● Supplied information
+ + + + + + +
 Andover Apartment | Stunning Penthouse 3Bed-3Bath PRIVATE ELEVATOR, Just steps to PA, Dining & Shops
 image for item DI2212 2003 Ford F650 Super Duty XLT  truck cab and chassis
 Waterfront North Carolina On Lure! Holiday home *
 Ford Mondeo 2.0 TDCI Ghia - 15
+ + + + + + +
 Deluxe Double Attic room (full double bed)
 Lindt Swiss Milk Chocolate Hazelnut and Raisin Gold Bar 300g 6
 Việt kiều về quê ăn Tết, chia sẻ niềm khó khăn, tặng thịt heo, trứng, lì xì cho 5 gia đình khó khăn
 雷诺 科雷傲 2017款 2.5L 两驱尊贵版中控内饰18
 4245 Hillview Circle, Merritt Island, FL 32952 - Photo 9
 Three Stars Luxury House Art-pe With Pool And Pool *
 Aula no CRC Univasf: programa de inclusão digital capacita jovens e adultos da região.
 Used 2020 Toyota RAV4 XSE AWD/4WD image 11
+ + + + + + +
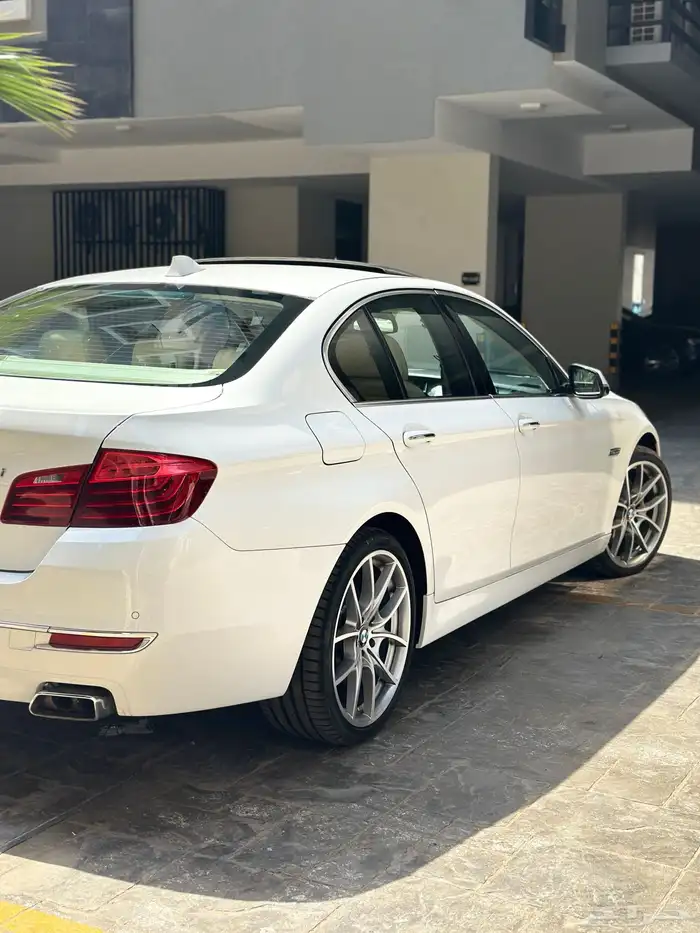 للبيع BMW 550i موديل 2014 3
+ + + + + + +
● What is expected
Working from the data above, extract solely the lines from the one containing "Andover Apartment |" through the one containing "Ford Mondeo 2.0 TDCI Ghia - 15", exactly as they appear, both included.

● Task solution
 Andover Apartment | Stunning Penthouse 3Bed-3Bath PRIVATE ELEVATOR, Just steps to PA, Dining & Shops
 image for item DI2212 2003 Ford F650 Super Duty XLT  truck cab and chassis
 Waterfront North Carolina On Lure! Holiday home *
 Ford Mondeo 2.0 TDCI Ghia - 15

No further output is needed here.